Let me take time to single out just how expertly Evan Peters (TV’s American Horror Story) steals the entire mutant-heavy movie. First, he’s the most comically attuned character, which is a nice break from how serious, and rightly so, every character is so often. Quicksilver provides a whole new jolt of entertainment, and when he checks out after the prison break sequence you’ll dearly miss him. The character is a rapscallion (as my late grandmother might have termed) that enjoys using his super speed powers to mess with people, to test his limits, to see what he can get away with, and a Pentagon jailbreak is right up his alley.

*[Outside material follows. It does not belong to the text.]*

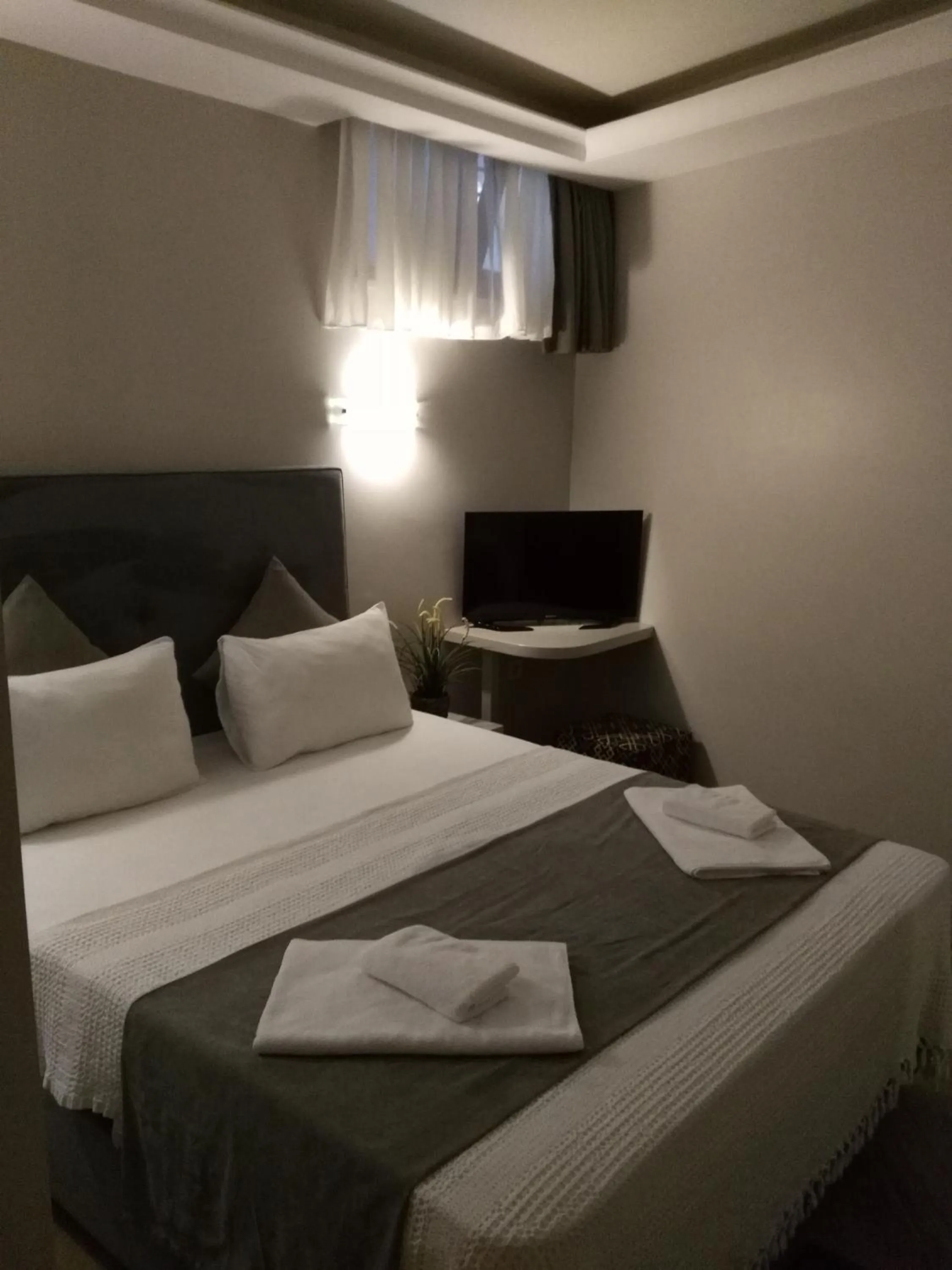 Bed in KONAK BELLA 3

Ignore the silly yet period appropriate outfit and ignore what initially seems like Peters’ smirking self-involvement from trailers and ads. When this character is onscreen the movie has a joyful sense of irreverence. He is instrumental to freeing Magneto and the onscreen depiction of his super speed is the best illustration of the power ever conceived in film and TV. There is a segment sent to Jim Croce’s “Time in a Bottle,” and some wonderful special effects, which is just so playful, so giddy, and so cool that it very well might be my favorite moment in any superhero movie… ever. It is definitely an applause-worthy moment and my audience responded in kind. Quicksilver is a perfectly utilized supporting player in a movie stuffed to the gills with characters.

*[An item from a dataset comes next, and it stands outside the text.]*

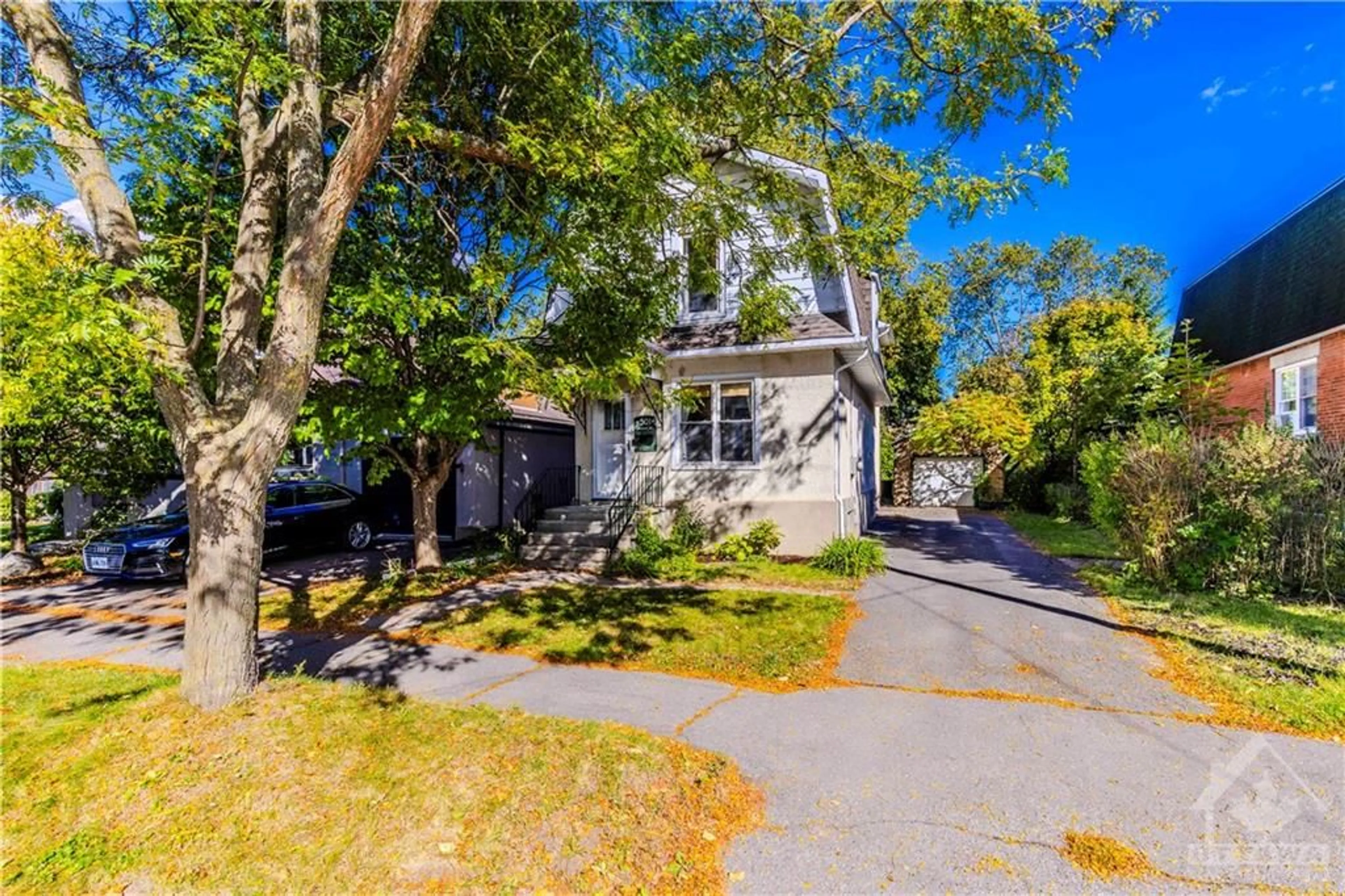 Frontside or backside of a home, the street view for 501 ROOSEVELT Ave, Ottawa Ontario K2A 1Z9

The time travel geek in me has a few quibbles with the parallel lines of action from past and present. Wolverine’s consciousness is sent back in time but he film plays out like it’s happening simultaneously to the events of the future. So if Wolverine is pulled out in the middle of the movie, he’ll have failed his mission to change the future, even though by going back in time he’s already, blah blah blah butterfly effect. Anyway, I understand how they want to make the future story have a sense of urgency but it’s not like waking Wolverine from a dream; the times are not happening concurrently. He’s in the past, meaning that the moment he goes back there, the future will already be altered due to the consequences of his actions, for better or worse. There is no race against time to keep his consciousness back in time until he complete his mission. I can see why they went this route for a summer blockbuster, but that doesn’t quell the quibbles.

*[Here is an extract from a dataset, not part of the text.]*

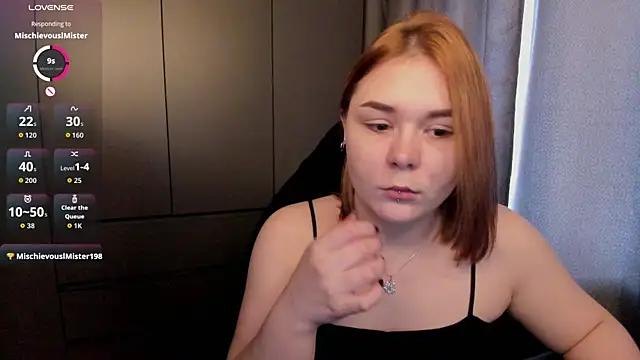 sophia lix online show from April 3, 10:11 am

X-Men: Days of Future Past is a time-hopping, unabashedly fun time at the movies; well as fun as preventing nightmarish futures built from the consequences of oppression and prejudice can be. With Singer back in the saddle and the bridging of the two X-Men universes, the series is back on track and once again the promising font of stories and characters. The newest X-film is one of the most entertaining, funny while still being dramatic, and while burdened with the largest cast of any super franchise, finds notable moments for its characters big and small to remind us that these people matter. While less philosophical and funky than First Class, this is one of the best films in the franchise, on par with X2. The action sequences and visual eye-candy are great fun with some inventive and memorable touches. It’s also nerdy fun getting to watch the past and present interact, and for many this is their first return since 2006’s crappy Last Stand. It’s not a perfect movie; I wish there was more early Sentinel action, I wish Dinklage had much more to do, and I wish that the plot didn’t so transparently hinge on Xavier not having his powers. The slate is clean and all X-Men fans can breathe a sigh of relief. The future is once again rosy. The X-Men, and not just Wolverine, are relevant once again.